● **Goal of the exercise**
Every record shown below is to be output exactly.

Web page caption snippets:
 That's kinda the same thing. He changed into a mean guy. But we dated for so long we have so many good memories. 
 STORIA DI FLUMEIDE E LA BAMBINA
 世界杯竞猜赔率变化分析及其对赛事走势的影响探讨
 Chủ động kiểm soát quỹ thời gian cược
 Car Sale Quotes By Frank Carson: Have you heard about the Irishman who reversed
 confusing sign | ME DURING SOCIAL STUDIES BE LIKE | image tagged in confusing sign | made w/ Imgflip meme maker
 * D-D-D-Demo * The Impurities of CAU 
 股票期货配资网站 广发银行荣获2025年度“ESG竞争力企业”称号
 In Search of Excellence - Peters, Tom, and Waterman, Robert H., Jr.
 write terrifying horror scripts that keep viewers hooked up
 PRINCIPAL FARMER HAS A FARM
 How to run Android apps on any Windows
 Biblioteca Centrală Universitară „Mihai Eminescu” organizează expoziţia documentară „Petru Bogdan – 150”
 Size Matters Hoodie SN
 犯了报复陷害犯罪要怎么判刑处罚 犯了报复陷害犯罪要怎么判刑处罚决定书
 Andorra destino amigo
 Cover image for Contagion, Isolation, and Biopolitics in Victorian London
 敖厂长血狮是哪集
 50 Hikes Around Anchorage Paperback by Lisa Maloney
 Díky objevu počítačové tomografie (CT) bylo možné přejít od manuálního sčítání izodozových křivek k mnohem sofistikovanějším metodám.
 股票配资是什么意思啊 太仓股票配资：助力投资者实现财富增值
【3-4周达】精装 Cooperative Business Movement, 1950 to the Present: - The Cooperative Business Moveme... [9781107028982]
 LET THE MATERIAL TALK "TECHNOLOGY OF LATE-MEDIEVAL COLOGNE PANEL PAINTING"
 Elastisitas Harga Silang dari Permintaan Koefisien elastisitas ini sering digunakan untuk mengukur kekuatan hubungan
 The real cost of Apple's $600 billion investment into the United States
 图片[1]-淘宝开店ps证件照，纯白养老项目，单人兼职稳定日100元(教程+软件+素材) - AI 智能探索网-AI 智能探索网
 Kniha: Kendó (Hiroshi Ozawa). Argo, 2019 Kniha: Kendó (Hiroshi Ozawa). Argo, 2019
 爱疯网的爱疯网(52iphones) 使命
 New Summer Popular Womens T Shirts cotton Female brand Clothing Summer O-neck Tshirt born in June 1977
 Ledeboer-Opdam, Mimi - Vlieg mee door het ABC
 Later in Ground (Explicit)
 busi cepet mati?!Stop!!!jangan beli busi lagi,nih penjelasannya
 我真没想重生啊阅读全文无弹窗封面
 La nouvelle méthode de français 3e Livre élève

● **Task output**
 That's kinda the same thing. He changed into a mean guy. But we dated for so long we have so many good memories. 
 STORIA DI FLUMEIDE E LA BAMBINA
 世界杯竞猜赔率变化分析及其对赛事走势的影响探讨
 Chủ động kiểm soát quỹ thời gian cược
 Car Sale Quotes By Frank Carson: Have you heard about the Irishman who reversed
 confusing sign | ME DURING SOCIAL STUDIES BE LIKE | image tagged in confusing sign | made w/ Imgflip meme maker
 * D-D-D-Demo * The Impurities of CAU 
 股票期货配资网站 广发银行荣获2025年度“ESG竞争力企业”称号
 In Search of Excellence - Peters, Tom, and Waterman, Robert H., Jr.
 write terrifying horror scripts that keep viewers hooked up
 PRINCIPAL FARMER HAS A FARM
 How to run Android apps on any Windows
 Biblioteca Centrală Universitară „Mihai Eminescu” organizează expoziţia documentară „Petru Bogdan – 150”
 Size Matters Hoodie SN
 犯了报复陷害犯罪要怎么判刑处罚 犯了报复陷害犯罪要怎么判刑处罚决定书
 Andorra destino amigo
 Cover image for Contagion, Isolation, and Biopolitics in Victorian London
 敖厂长血狮是哪集
 50 Hikes Around Anchorage Paperback by Lisa Maloney
 Díky objevu počítačové tomografie (CT) bylo možné přejít od manuálního sčítání izodozových křivek k mnohem sofistikovanějším metodám.
 股票配资是什么意思啊 太仓股票配资：助力投资者实现财富增值
【3-4周达】精装 Cooperative Business Movement, 1950 to the Present: - The Cooperative Business Moveme... [9781107028982]
 LET THE MATERIAL TALK "TECHNOLOGY OF LATE-MEDIEVAL COLOGNE PANEL PAINTING"
 Elastisitas Harga Silang dari Permintaan Koefisien elastisitas ini sering digunakan untuk mengukur kekuatan hubungan
 The real cost of Apple's $600 billion investment into the United States
 图片[1]-淘宝开店ps证件照，纯白养老项目，单人兼职稳定日100元(教程+软件+素材) - AI 智能探索网-AI 智能探索网
 Kniha: Kendó (Hiroshi Ozawa). Argo, 2019 Kniha: Kendó (Hiroshi Ozawa). Argo, 2019
 爱疯网的爱疯网(52iphones) 使命
 New Summer Popular Womens T Shirts cotton Female brand Clothing Summer O-neck Tshirt born in June 1977
 Ledeboer-Opdam, Mimi - Vlieg mee door het ABC
 Later in Ground (Explicit)
 busi cepet mati?!Stop!!!jangan beli busi lagi,nih penjelasannya
 我真没想重生啊阅读全文无弹窗封面
 La nouvelle méthode de français 3e Livre élève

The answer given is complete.